Pictures with short captions
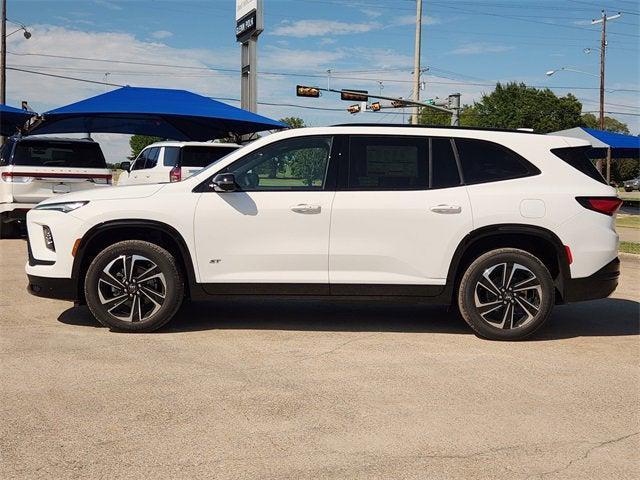 new 2026 Buick Enclave car, priced at $53,810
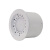 华荣（WAROM）GC301-XL50（NW）、50W、色温5000K、IP65、220V、固定式LED灯具 1套 白色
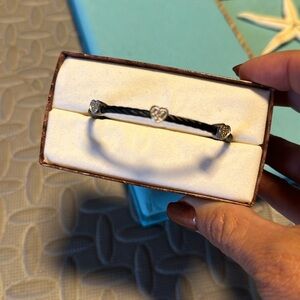 New in box stainless steel ❤️ bracelet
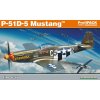 Eduard P-51 D-5 Mustang Profipack 1/48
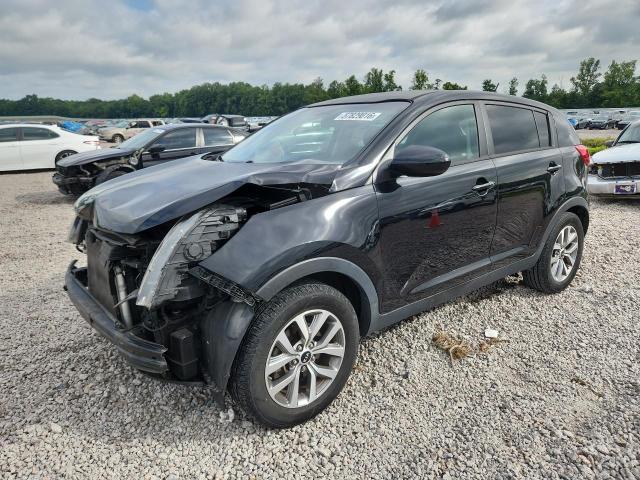 2016 Kia VIN KNDPB3AC5G7808106 COPART salvage auction — FRONT END, Nc - Salvage Certificate Of Title, sold $1,950 on 2026-07-14 (photo 1)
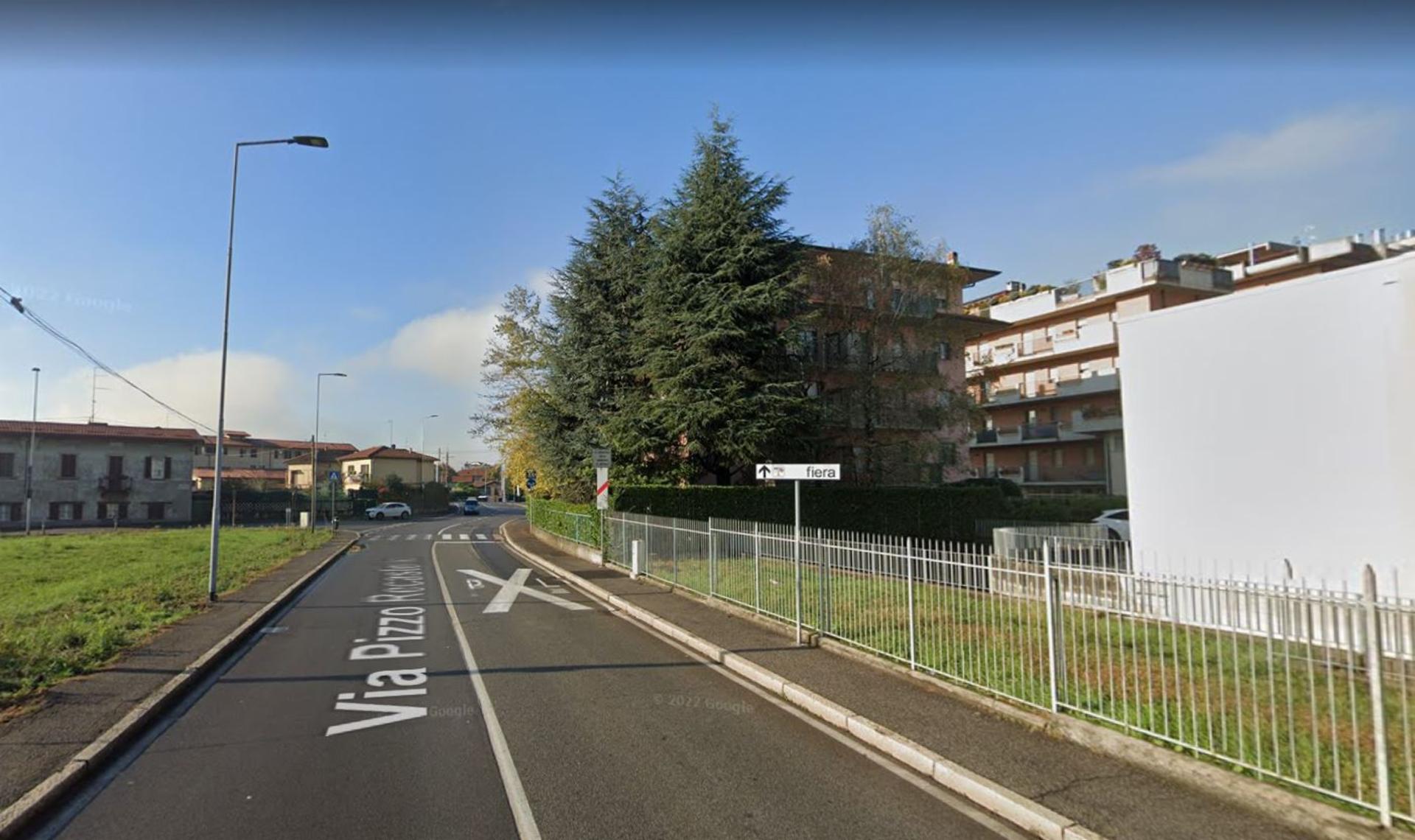 Impianto a VIA PIZZO RECASTELLO  Bergamo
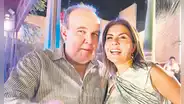 López Aliaga y testaferro de Montesinos en la fiesta del abogado Wilber Medina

EXERCISE DESCRIPTION:
Where pictures appear, omit them, and transcribe exactly, with nothing else, the lines from the line with "2016 Kia VIN" through the final line of the records above, both ends included.

ANSWER FOR THIS EXERCISE:
 2016 Kia VIN KNDPB3AC5G7808106 COPART salvage auction — FRONT END, Nc - Salvage Certificate Of Title, sold $1,950 on 2026-07-14 (photo 1)
 Impianto a VIA PIZZO RECASTELLO  Bergamo
 López Aliaga y testaferro de Montesinos en la fiesta del abogado Wilber Medina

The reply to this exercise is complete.